**WHAT THE TASK ASKS**
Set down, please, exactly the lines below that run from the line with "The image displays" to the line with "Подушка квадратная Жёлто-зелёная", both lines included.

Top of DATA FOR ANALYSIS

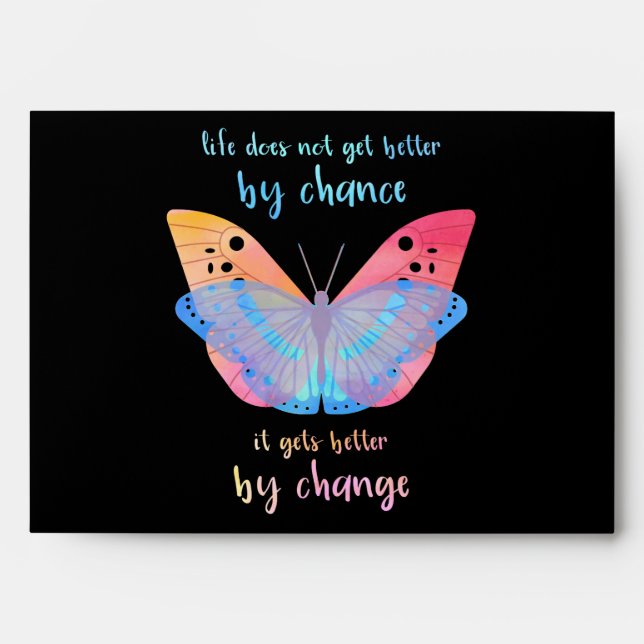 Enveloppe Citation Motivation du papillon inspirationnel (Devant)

Bottom of DATA FOR ANALYSIS
Top of DATA FOR ANALYSIS

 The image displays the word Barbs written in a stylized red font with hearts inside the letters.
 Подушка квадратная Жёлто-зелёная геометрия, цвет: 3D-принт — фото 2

Bottom of DATA FOR ANALYSIS

**ANSWER BOX**
 The image displays the word Barbs written in a stylized red font with hearts inside the letters.
 Подушка квадратная Жёлто-зелёная геометрия, цвет: 3D-принт — фото 2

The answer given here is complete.